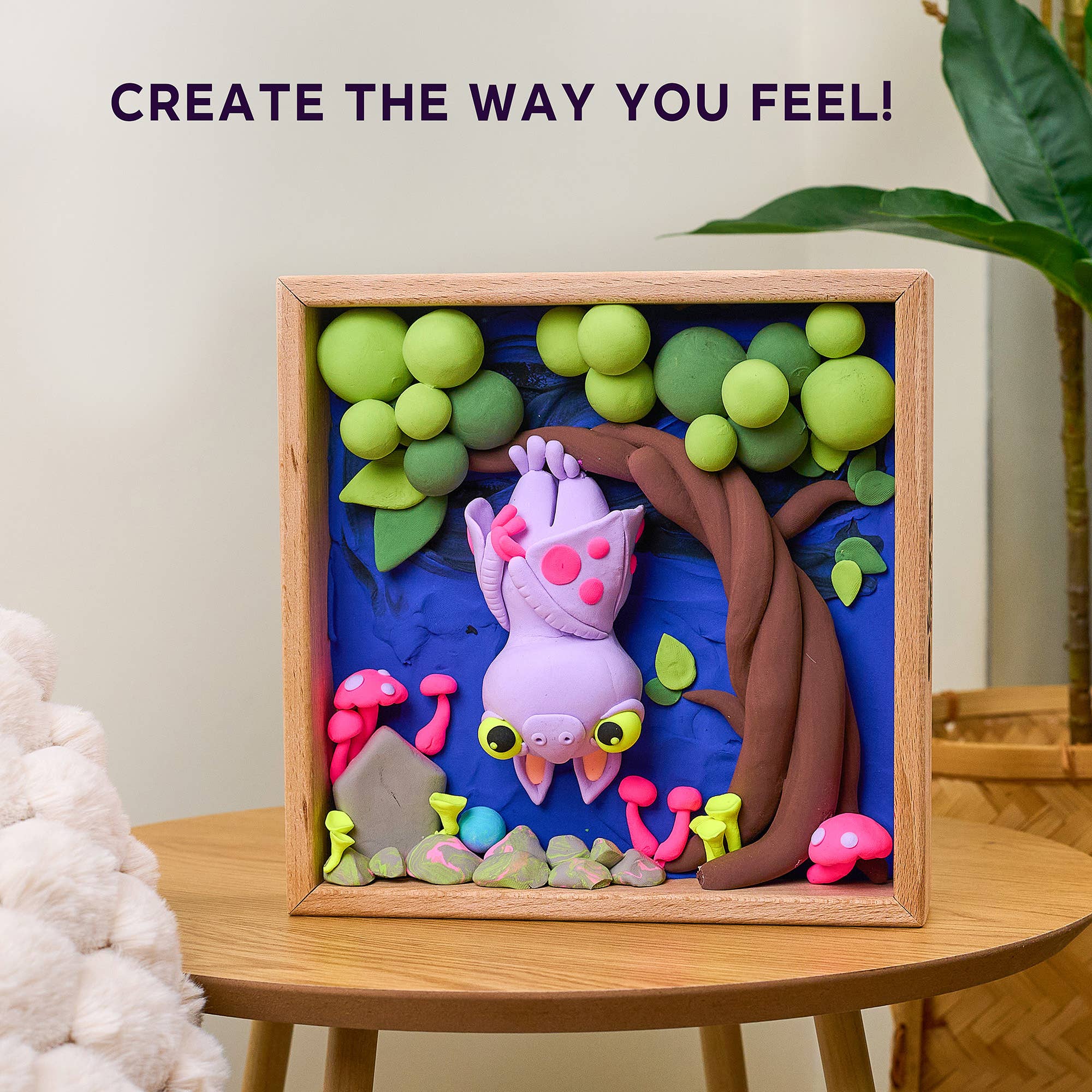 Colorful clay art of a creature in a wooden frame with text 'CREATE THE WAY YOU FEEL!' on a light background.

************

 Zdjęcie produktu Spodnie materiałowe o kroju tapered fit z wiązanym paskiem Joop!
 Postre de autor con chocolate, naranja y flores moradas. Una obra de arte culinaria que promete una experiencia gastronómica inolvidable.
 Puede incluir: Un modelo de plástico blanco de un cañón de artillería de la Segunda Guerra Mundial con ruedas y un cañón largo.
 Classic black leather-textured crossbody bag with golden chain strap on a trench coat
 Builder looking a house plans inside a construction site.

************

- [Work instruction] Given the records above, reproduce precisely and only the lines between the line holding "Classic black leather-textured" and the line holding "Builder looking a", inclusive.

- [Answer to this task]
 Classic black leather-textured crossbody bag with golden chain strap on a trench coat
 Builder looking a house plans inside a construction site.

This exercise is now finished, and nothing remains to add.